Last, you can also call `.requires_grad_()` to change it in place.

In [6]:
b = b.detach()
print(f'[+] b.requires_grad: {b.requires_grad}')

# This will raise an error, as b is not a leaf.
try:
    b.requires_grad_(False)
except RuntimeError:
    pass
    
# c won't require a gradient, even though z does.
with torch.no_grad():
    c = x + z
print(f'[+] c.requires_grad: {c.requires_grad}')
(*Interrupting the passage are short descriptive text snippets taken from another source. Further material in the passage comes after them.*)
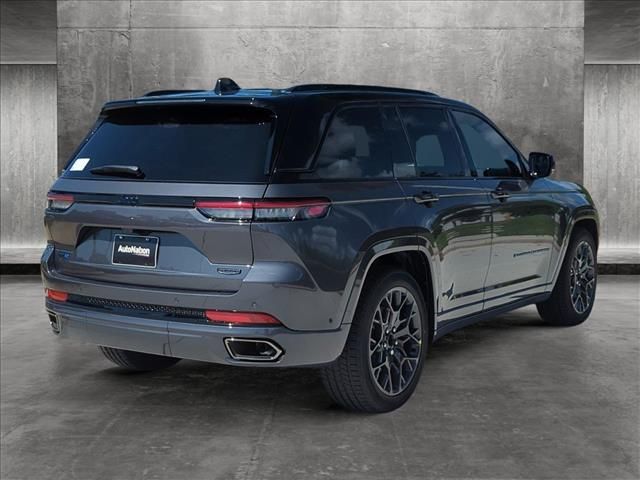 2024 Jeep Grand Cherokee 4xe Summit Reserve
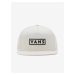 Cream Mens Cap VANS MN EASY BOX SNAPBACK - Men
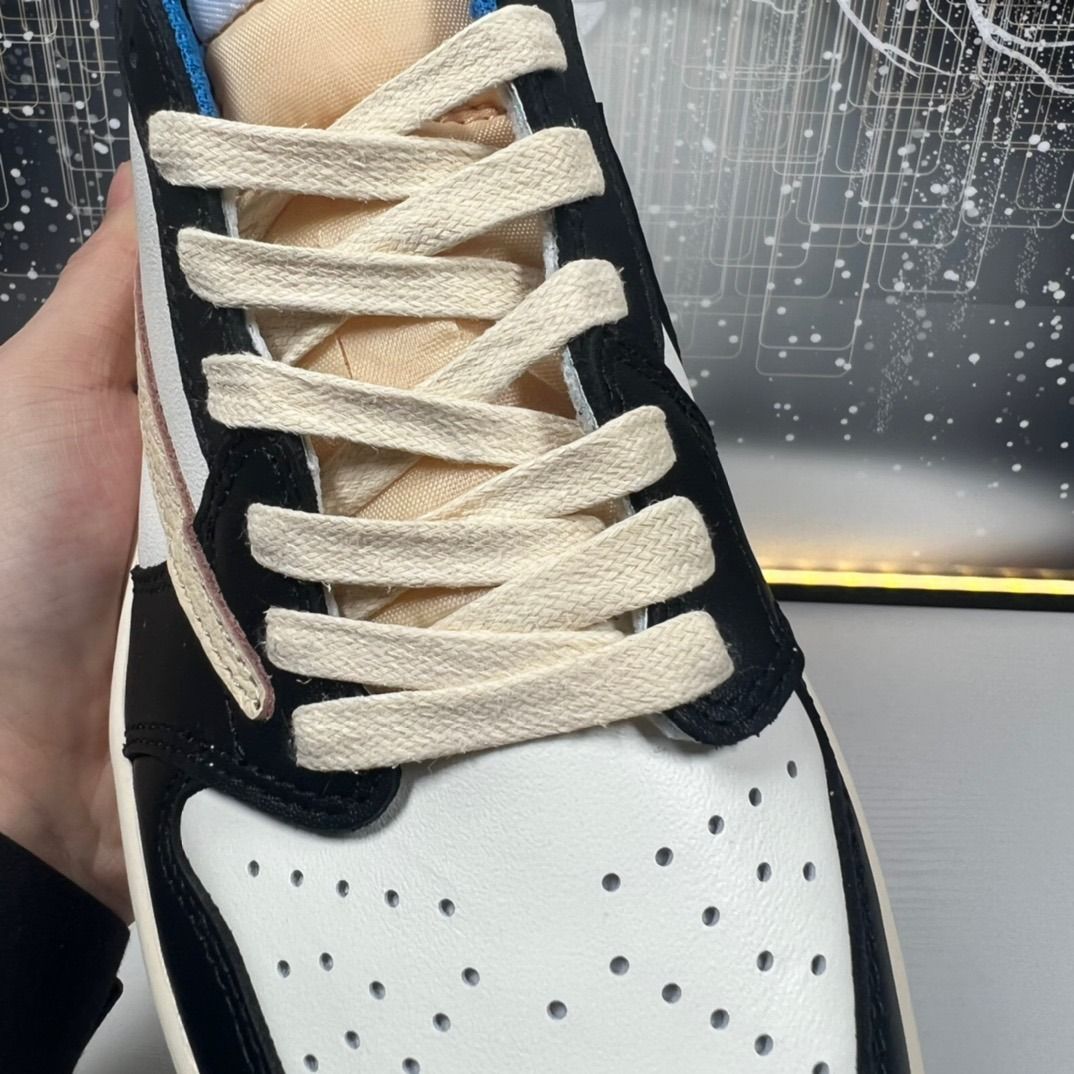travis scott x fragment design x air jordan 1 low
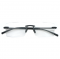 Lesebrille "Memory Flex" Schwarz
[+] b.requires_grad: False
[+] c.requires_grad: False


## Gradient Examples

As discussed previously, as we dynamically build (and compute) our
compute graph, torch builds a gradient graph which can be used for
gradient computation by the chain rule. We create a tensor, and 
perform operations on it:

$$y = x + 2$$

$$z = y \circ y \circ 3$$

Where $\circ$ is defined as the 
[Hadamard Product](https://en.wikipedia.org/wiki/Hadamard_product_(matrices))

$$out = E[z]$$

We then perform the backward pass, which gives us access to gradients
of the individual operations. For example, taking `x.grad` gives us

$$\frac{\partial out}{\partial x}$$

I'm not going to write the math out here, but I highly encourage 
anyone to read the end of the tutorial this notebook is based on. 
Torch is computing the Jacobian matrix. This is an incredibly important
thing to understand if you wish to follow the mathematics of deep learning. 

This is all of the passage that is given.